[Date Prev][Date Next][Thread Prev][Thread Next][Date Index][Thread Index]

Re: 64-bit extensions



Michael van Acken wrote:

> [The quotes below are taken from Mike's, Hartmut's, and Tim's
> postings.] 
> 
> > It has never made much sense to not have any operations defined on
> > BYTEs since they are a basic data type all computers support.  I
> > don't see any advantage to defining an arbitrary SYSTEM entity the
> > same size as a BYTE.
> 
> There _are_ operations on SYSTEM.BYTE: you can assign SHORTINT and
> CHAR values to it.  And then there is the generic VAR parameter ARRAY
> OF SYSTEM.BYTE.  The _only_ purpose of this type is to circumvent the
> type system.  This is an unsafe operation, as the SYSTEM prefix nicely
> points out.  I'll never understand why the CP people chose BYTE as the
> name of a plain and simple integer type.

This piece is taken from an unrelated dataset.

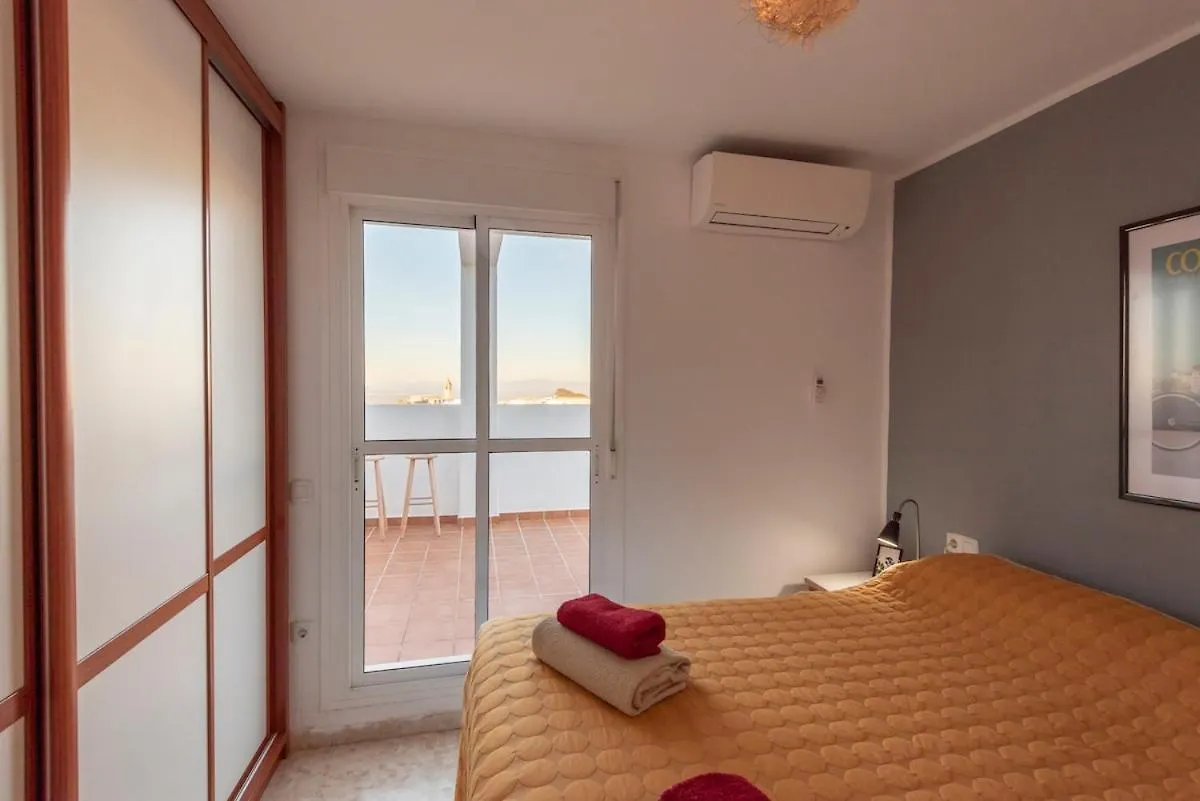 아파트 Casa Susan, Penthouse Apartment, View Over Old Town & The Sea 베예데라프론테라 스페인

I guess they must think the way I do.  Why Wirth choose to allow a
way to break the type system is beyond me.
 
> > Of course, the argument might be made that this will break the type
> > safeness of Oberon-2.  But it's already broken.  My response would
> > be to close this loophole and not allow the concept of any type
> > being compatible with an ARRAY OF BYTE.  I don't know of any
> > functions which couldn't be performed in a type-safe way without
> > this loophole.
> 
> Yes, O2 has no true type safety as long as ARRAY OF BYTE is around.
> But you'll be hard pressed to implement Files.ReadBytes & friends
> without it.  Unless you turn the language into something that isn't O2
> anymore.

There _are_ other ways to do I/O without relying on ARRAY OF SYSTEM.BYTE.
For example in Oberon/F there is no concept of such a thing.  Lowest
level I/O is done with the CHAR and ARRAY OF CHAR types.  Of course,
you need the VAL() function to do the type casts. 

> A Java back-end isn't really an option.  You can't efficiently
> translate O2 to Java byte-code because there are lots of differences
> in the type and class concepts of the languages, and Java byte-code
> includes lots of Java type information.  It's (maybe) possible to
> conceive a back-end translating to Java, but it would be clumsy beyond
> measure and most likely slightly incompatible with standard O2.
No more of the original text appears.